Moscato d’Asti has never been my bubbly of choice but it’s a fun match with white chocolate. White chocolate is super sweet and can almost be cloying so the refreshing bubbles of the Moscato is a nice touch and lightens the load. Plus the Moscato has some sweetness to match the sweetness in the white chocolate. I also like white chocolate with Rosé. For this one, I like a fruitier Rosé rather than one with more earthy, savory flavors. Even better if it has a bit of residual sugar. Save those beautiful bone-dry Rosés for some other occasion.
Milk chocolate is typically smooth, creamy, and has a good level of fat so acid can be your friend here. Riesling works here because the high level of acidity is a refreshing palate cleanser after the heavy milk chocolate. An off-dry version also gives you the sweetness you need. A Rutherglen Muscat also works nicely here. In this case, we’re going sweet with with sweet. I’ve also had Muscat with my Mardi Gras King Cake and loved it. One pairing I haven’t tired is Hungary’s Tokaji which I’m intrigued by and think would also play well here.
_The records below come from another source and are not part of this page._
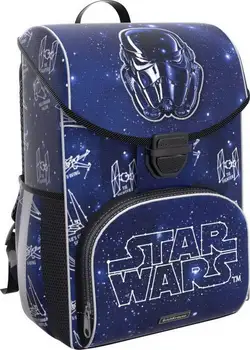 

Backpack ergoline 15L "Star Wars. Greatness of the Empire "erichkrause 47389ek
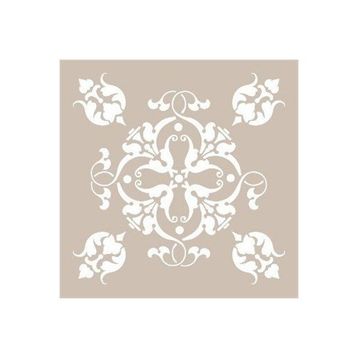 Cadence AS522 A4 Stencil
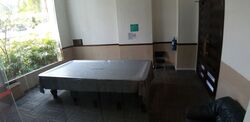 Harbour View Towers (D4), Condominium #485632201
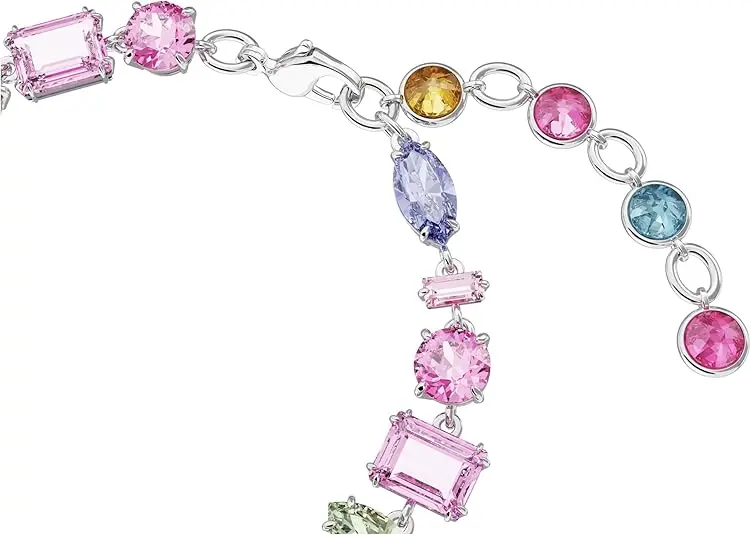 Swarovski Gema Crystal Bracelet Collection image 3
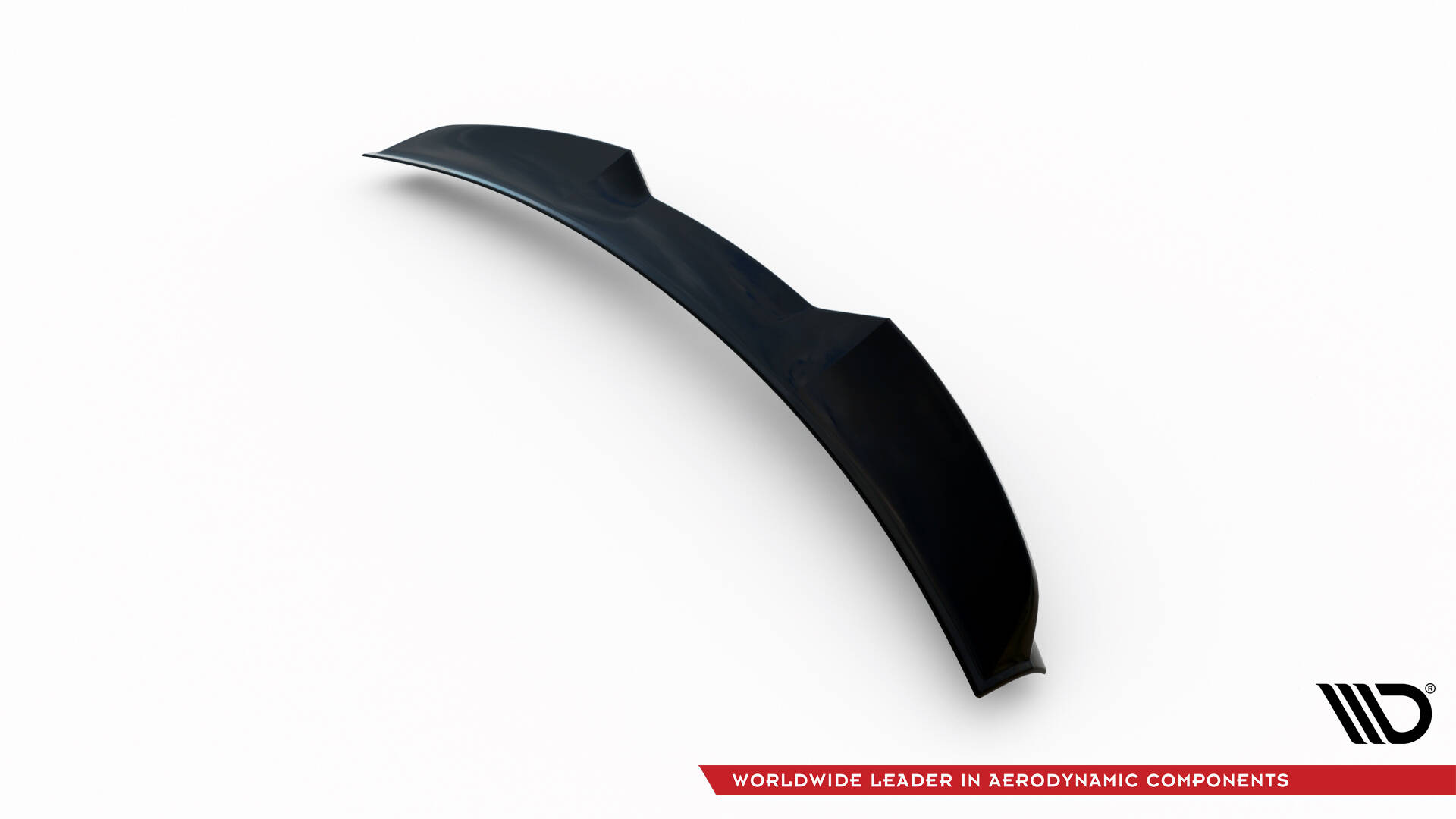 Spoiler CAP 3D Chrysler 300 Mk2 - 6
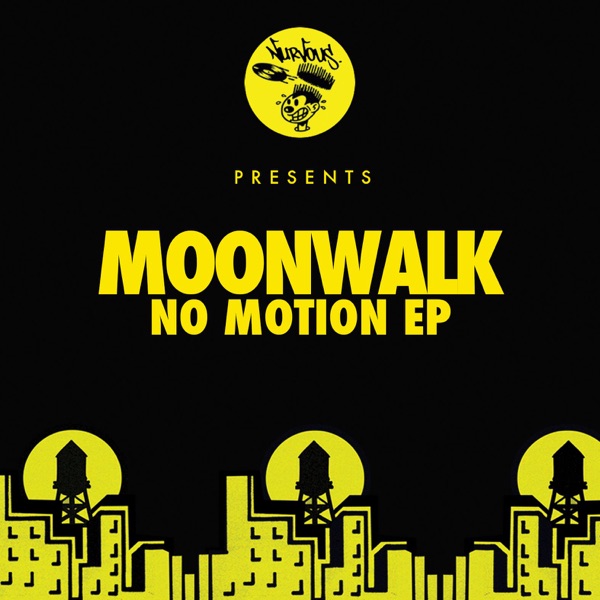 No Motion - Single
Dark chocolate can pair nicely with red wine but it has to be the right red wine. Go wrong and they both are a yucky, bitter mess. In these instances, jammy fruit bombs are your friend. Especially those with residual sugar. Red wines that sometimes fall into this category are Zinfandel and Petite Sirah. Lodi Zinfandel in particular can offer up those sweet red fruit notes that can pair with dark chocolate. Petite Sirah is similarly fruity with its intense, red fruits. Both of these wines pack intense flavor that stand up to the intense flavor of dark chocolate.
Bitter Dark Chocolate
We’re talking serious levels of cacao here. Port or Banyuls are my go-to wines here. Port is a classic choice and these two really do love each other. The bitterness of the dark chocolate is a natural for the dark, intense fruit and sweetness of the Port. You can go for a new world style port wine (a late harvest Zinfandel may bring a tear to your eye) or the real deal and either way you’re good. I also love Maury, which is a Grenache based dessert wine from Languedoc-Roussillon, with bitter dark chocolate. I had a pairing dinner at Le Jules Verne in Paris and one of the pairings was Banyuls and dark chocolate. I haven’t been right ever since. It was so good!
Yah, it’s not chocolate, but I love chocolate with caramel and sometimes just the carmel itself. I’ve had caramel based desserts with both Vin Santo and Pedro Ximénez (“PX”) Sherry (the only sherry I love so far). The PX, with its oxidative characteristics takes on some caramel flavors so the two are a natural together. Heck, it even looks like caramel! And the older the PX, the more acidic and elegant the wine. Like PX, Italy’s Vin Santo is known for its nutty and caramel flavors. Just be careful with both of these as the alcohol levels are pretty high. A little goes a long way here. Me thinks Madeira would fit in nicely here too. Stay tuned.
And when in doubt, I open Champagne which never disappoints. But I usually go “Demi-Sec” or “ Doux.” Cheers to wine and chocolate y’all!